Pipeline initialization failures observed while resolving environment variable expressions.
Incident Report for Harness
Postmortem

Summary

On 21st December at 1:10 PM PST, we received a report from 2 of our customers about issues with their pipeline executions in our Prod-2 cluster for their CI pipelines.
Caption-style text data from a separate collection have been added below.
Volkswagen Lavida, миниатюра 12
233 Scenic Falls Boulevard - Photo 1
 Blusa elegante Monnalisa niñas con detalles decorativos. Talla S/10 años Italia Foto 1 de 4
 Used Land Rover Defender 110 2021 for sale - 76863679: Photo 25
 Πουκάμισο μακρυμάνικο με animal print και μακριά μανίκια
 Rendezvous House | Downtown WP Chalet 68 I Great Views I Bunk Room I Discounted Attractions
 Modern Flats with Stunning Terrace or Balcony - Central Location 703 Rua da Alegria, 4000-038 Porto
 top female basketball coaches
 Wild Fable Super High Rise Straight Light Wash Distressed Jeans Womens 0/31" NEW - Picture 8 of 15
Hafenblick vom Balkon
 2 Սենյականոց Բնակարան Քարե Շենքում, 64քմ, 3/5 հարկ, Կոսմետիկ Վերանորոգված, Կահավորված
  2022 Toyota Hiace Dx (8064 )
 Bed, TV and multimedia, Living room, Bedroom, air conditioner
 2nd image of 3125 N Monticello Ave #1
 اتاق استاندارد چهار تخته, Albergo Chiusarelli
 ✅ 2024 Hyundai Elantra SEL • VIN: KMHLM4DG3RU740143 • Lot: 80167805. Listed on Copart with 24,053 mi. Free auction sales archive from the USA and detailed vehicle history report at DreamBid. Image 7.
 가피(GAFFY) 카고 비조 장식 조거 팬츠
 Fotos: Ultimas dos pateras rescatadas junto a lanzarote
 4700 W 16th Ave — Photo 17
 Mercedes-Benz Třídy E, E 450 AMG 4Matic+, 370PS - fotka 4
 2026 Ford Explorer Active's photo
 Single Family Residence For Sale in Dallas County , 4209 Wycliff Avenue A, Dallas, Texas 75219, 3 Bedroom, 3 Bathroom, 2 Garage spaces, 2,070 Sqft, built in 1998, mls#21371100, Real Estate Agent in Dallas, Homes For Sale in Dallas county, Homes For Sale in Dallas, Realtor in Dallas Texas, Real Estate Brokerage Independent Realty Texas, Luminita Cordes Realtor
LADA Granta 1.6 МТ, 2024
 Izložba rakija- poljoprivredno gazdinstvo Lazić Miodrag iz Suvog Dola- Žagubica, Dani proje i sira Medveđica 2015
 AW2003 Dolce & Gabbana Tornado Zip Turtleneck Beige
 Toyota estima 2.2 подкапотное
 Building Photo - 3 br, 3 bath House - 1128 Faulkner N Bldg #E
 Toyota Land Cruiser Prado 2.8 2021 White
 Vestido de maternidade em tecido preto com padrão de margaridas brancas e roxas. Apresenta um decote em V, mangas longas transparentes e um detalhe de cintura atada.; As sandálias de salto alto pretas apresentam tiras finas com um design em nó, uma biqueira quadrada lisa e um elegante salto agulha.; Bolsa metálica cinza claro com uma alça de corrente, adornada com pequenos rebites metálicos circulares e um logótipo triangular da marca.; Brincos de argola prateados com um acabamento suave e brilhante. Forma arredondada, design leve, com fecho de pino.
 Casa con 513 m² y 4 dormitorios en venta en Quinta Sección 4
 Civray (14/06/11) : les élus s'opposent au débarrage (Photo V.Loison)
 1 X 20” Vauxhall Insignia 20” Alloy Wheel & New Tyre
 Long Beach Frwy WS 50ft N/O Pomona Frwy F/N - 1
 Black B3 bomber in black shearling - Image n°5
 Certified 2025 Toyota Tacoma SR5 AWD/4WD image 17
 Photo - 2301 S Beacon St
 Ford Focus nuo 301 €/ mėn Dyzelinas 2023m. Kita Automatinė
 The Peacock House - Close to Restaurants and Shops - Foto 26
A firehydrant was triggered after some time for the same.

Timeline (PST)

Time Event
1:24 PM Confirmed no pipeline-service deployment was done and issue is observed only for few Prod2 and Prod1 CI customers.
1:28 PM Verified CI Automation was running fine but we were able to reproduce the issue
2:04 PM Prod2 CI service was rolled back to previous version, and confirmed with customers the issue is mitigated

Resolution

We rolled back the CI build in Prod2 cluster to unblock the customers.

Total Downtime

  • Downtime taken: No Downtime taken
  • Resolution time*: 1hour 46 minutes

  • Resolution time = time reported to time restored, either through Rollback or HF

RCA

There was a change in a common deserialiser -
where we added handling that if the value is a string of Json list example → "[1,2]" is given then it will be converted to List of String irrespective the field expecting it to be type String, thus its throwing Exception during execution.
This was mainly observed for a customer having this value set in their envVariables in RunStep in the CI stage.

Action Items

  1. Updating our customer setup automation to include this setup as well as any others to have our suite up to date so that with our feature development, existing customer setups are not impacted.
  2. Adding failover to code paths when making changes to existing flows to minimize the impact on existing running setups with new feature/bug development.
Posted Dec 25, 2023 - 22:15 PST

Resolved
The incident has been resolved. We plan to publish the Postmortem early next week. Our pipeline execution failure rate was less than 1% during this incident. As a result, no downtime was taken.
Posted Dec 21, 2023 - 14:37 PST
Monitoring
We have reverted the services back to the previous version and we are monitoring the results.
Posted Dec 21, 2023 - 14:11 PST
Update
We are continuing to investigate this issue.
Posted Dec 21, 2023 - 14:06 PST
Investigating
We are currently investigating this issue.
Posted Dec 21, 2023 - 14:05 PST
This incident affected: Prod 1 (Continuous Integration Enterprise(CIE) - Cloud Builds, Continuous Integration Enterprise(CIE) - Self Hosted Runners) and Prod 2 (Continuous Integration Enterprise(CIE) - Cloud Builds, Continuous Integration Enterprise(CIE) - Self Hosted Runners).